Invoer van heroïne binnen Nederlands grondgebied levert een onaanvaardbaar risico op voor de volksgezondheid en dient derhalve, in het bijzonder met het oog op de speciale en generale preventie van dergelijke delicten, zwaar te worden bestraft. Het hof acht aannemelijk dat winstoogmerk het enige motief van de verdachte is geweest.
De verdachte heeft - naar thans kan worden vastgesteld - tegen beter weten in ontkend zich aan dit ernstige delict te hebben schuldig gemaakt. Van het bestaan van enig inzicht in de onoorbaarheid van zijn handelen is niet gebleken, hetgeen de kans op herhaling aanzienlijk vergroot.
Het hof heeft mede in aanmerking genomen dat de verdachte, blijkens een hem betreffend uittreksel uit het Justitieel Documentatieregister d.d. 9 januari 2004 nog niet eerder is veroordeeld voor het plegen van een soortgelijk feit.
Alles afwegende acht het hof een onvoorwaardelijke gevangenisstraf van na te melden duur passend en geboden.
10. Toepasselijk wettelijk voorschrift
Het hof heeft gelet op artikel 47 van het Wetboek van Strafrecht en op de artikelen 2 (oud) en 10 (oud) van de Opiumwet.
Beslissing
Het hof:
Bevestigt het vonnis waarvan beroep voor wat betreft de gedeeltelijke nietigverklaring van de inleidende dagvaarding.
Vernietigt het vonnis waarvan beroep voor het overige en doet in zoverre opnieuw recht.
Verklaart bewezen dat de verdachte het onder 1 primair tenlastegelegde, zoals hierboven omschreven, heeft begaan.
Verklaart niet bewezen hetgeen terzake meer of anders is tenlastegelegd en spreekt de verdachte daarvan vrij.

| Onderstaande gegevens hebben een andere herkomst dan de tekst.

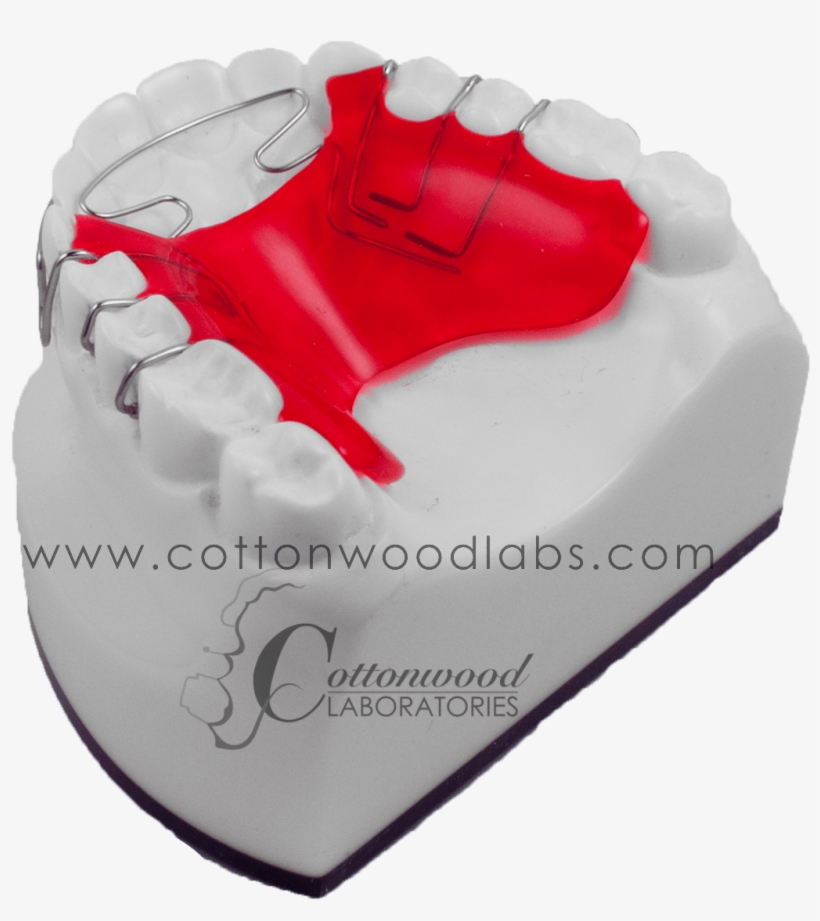 More Control Over Anterior Wire That Contacts The Teeth, - Birthday Cake, transparent png #6382415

Bepaalt dat het bewezenverklaarde het hierboven vermelde strafbare feit oplevert.
Verklaart de verdachte strafbaar terzake van het bewezen-verklaarde.
Veroordeelt de verdachte tot een gevangenisstraf voor de duur van
ZES JAREN.
Bepaalt dat de tijd, die door de verdachte vóór de tenuitvoerlegging van deze uitspraak in voorarrest is doorgebracht, bij de uitvoering van de opgelegde gevangenisstraf in mindering wordt gebracht, voorzover die tijd niet reeds op een andere straf in mindering is gebracht.
Dit arrest is gewezen door
mrs. E.P. von Brucken Fock, L.A.J.M. van Dijk en
M.J. Bax-Luhrman,
in bijzijn van de griffier mr. R.E. Perquin.
Het is uitgesproken op de openbare terechtzitting van het hof van 3 februari 2004.